[amsat-bb] Re: Yaesu 847 power supply -linear vs. switching

tosca005@umn.edu tosca005 at umn.edu
Fri Feb 18 14:35:34 PST 2011

On Feb 18 2011, zach hillerson wrote:

 I purchased a Yaesu 847 for both satellite and HF work.  Since this is my 
1st base-style transceiver I am now in need of a power supply.  I was 
originally considering the Astron RS35M and am curious if linear or  
switching is the proper choice?  Is there a Amsat BB favorite between 
switching and linear? 
>Thanks for any help!


I've had my FT-847 for many years, and have used it both for satellites and 
VHF/UHF terrestrial work. (Very little HF, but some).

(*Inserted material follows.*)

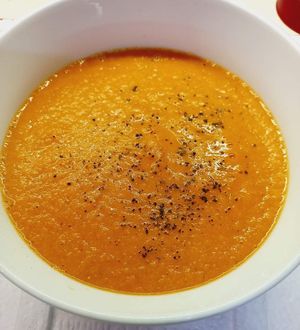 Tomato soup at Ly Phuoc Meal Plan N Cooking Class in Hanoi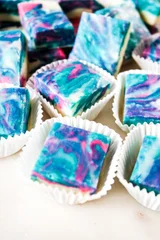 Cotton Candy Fudge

It has never "complained" about any properly working power supply it's been 
hooked to. These include an Astron 20 amp linear PS, an Astron 60 amp 
linear, an Astron 35 amp switcher, car battery plus vehicle alternator, and 
others when I've brought it out to Field day. Runs perfectly with any of 

In general, more power is better, because these amp suckers seem to 
multiply. My first PS, the 20 amp linear, worked fine with the FT-847, but 
when I added a linear amplifier for the 144-148 MHz band, the combined draw 
was too much. I've NEVER managed to draw more power than the 60 amp linear 
can provide, but it is an enormous pain (literally and figuratively) to 
pull it off its usual resting place in the shack and carry it up two 
flights of stairs to load into my SUV to haul out to Field Day. The 35 amp 
switcher has done a fine job for me, and the difference in weight is 
incredible, at least to a rickety old guy with worn out knees, like yours 

In fact, my FT-847 has NEVER refused to work for me, except for the time I 
set it up in a tent trailer for Field Day on a Friday afternoon, and a big 
wind storm came through overnight. When I arrived Saturday morning to 
complete final setup and get ready to operate, I found that the tent 
trailer was lying on its roof, with the FT-847's face planted in the ground 
and its back panel holding up one end of the tent trailer. At that point, 
the big knob on the front would not turn, but who could blame it? And best 
of all, the repairs cost $0.00! After Field Day was over, I brought it 
home, started a careful disassembly of the front panel, and discovered that 
the reason that the tuning knob wouldn't turn was because the steel 
sub-chassis onto which it was bolted had bent from the weight of the 
trailer on top of the radio. Some carefully-placed whacks with a big hammer 
fixed that. Put it back together and it's worked like a champ ever since. 
(I also used some toothpaste to polish up the scratches on the front face 
of the tuning knob, and you'd never know it had been treated so cruelly!)

In short, the 35 amp Astron (either linear or switching) will be plenty 
strong enough and reliable enough to power an FT-847 and a typical VHF/UHF 
amplifier, with power left over to run more small station equipment.